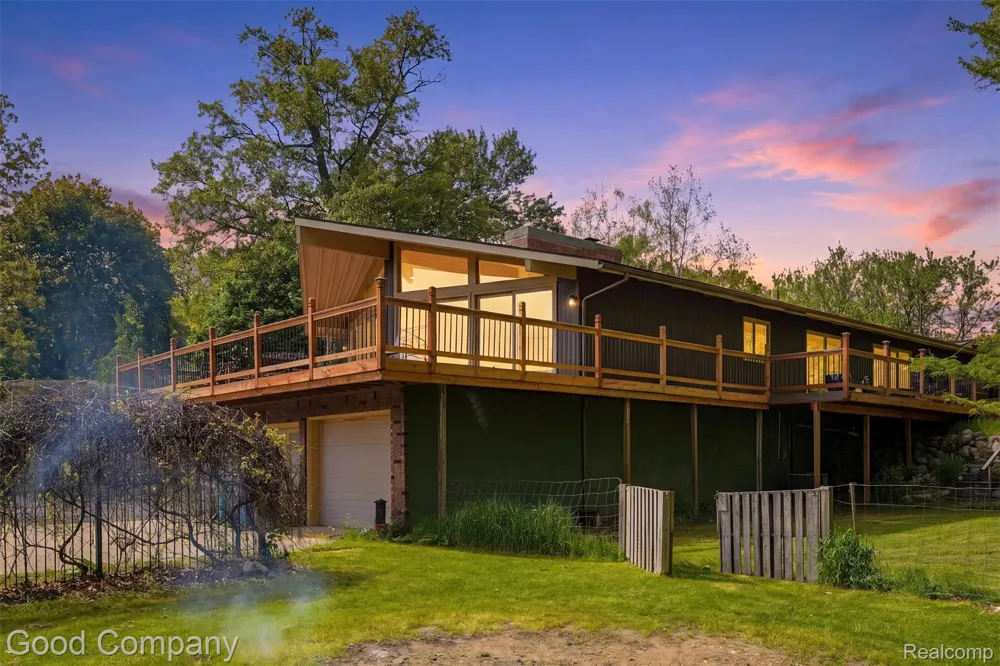 5130 Seymour Lake Road Brandon Charter Township, MI 48371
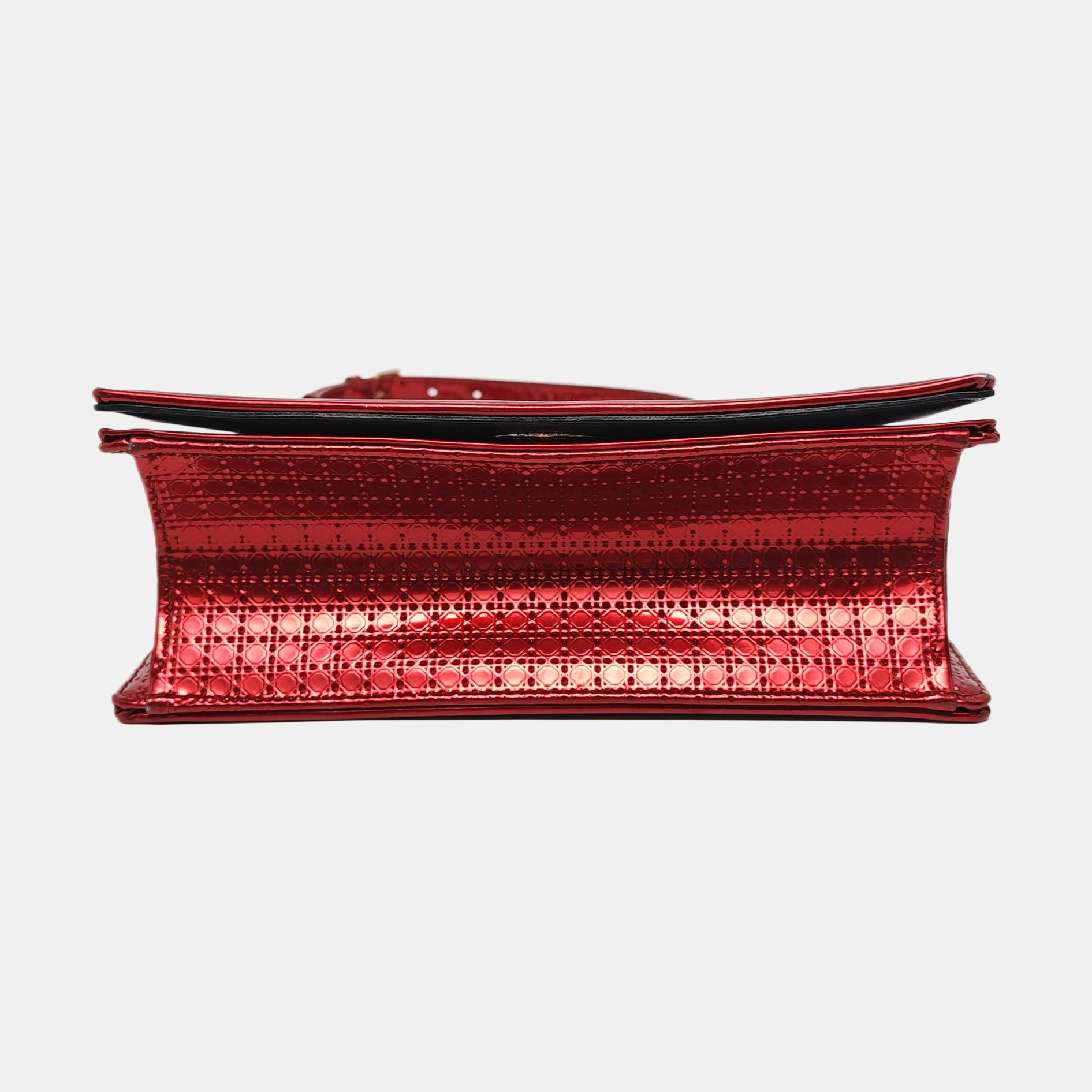 Authenticated pre-owned  Diorama Quilted Calfskin Red - Crossbody Bag at Looply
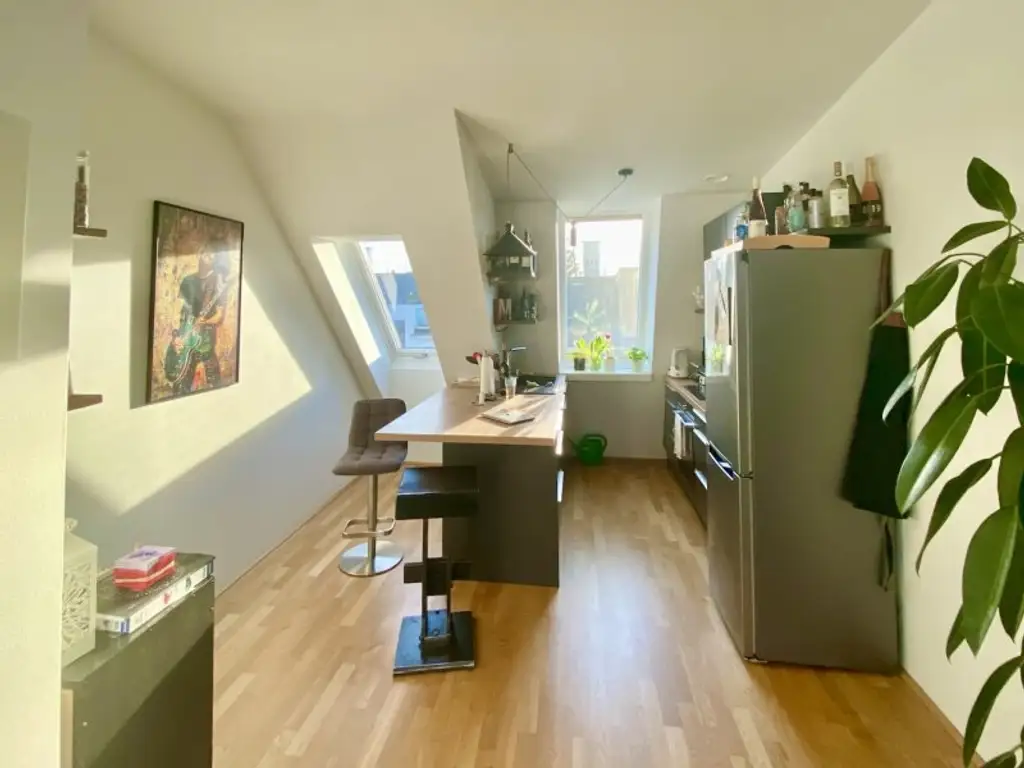 VOLL MÖBLIERTES traumhaft ruhiges Dachgeschoss-Appartement mit Terrasse und perfektem Öffi-Anschluß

» **PROBLEM TO WORK ON**
Repeat all of the listing above word for word, and exclude the pictures.

» **OUTPUT**
 5130 Seymour Lake Road Brandon Charter Township, MI 48371
 Authenticated pre-owned  Diorama Quilted Calfskin Red - Crossbody Bag at Looply
 VOLL MÖBLIERTES traumhaft ruhiges Dachgeschoss-Appartement mit Terrasse und perfektem Öffi-Anschluß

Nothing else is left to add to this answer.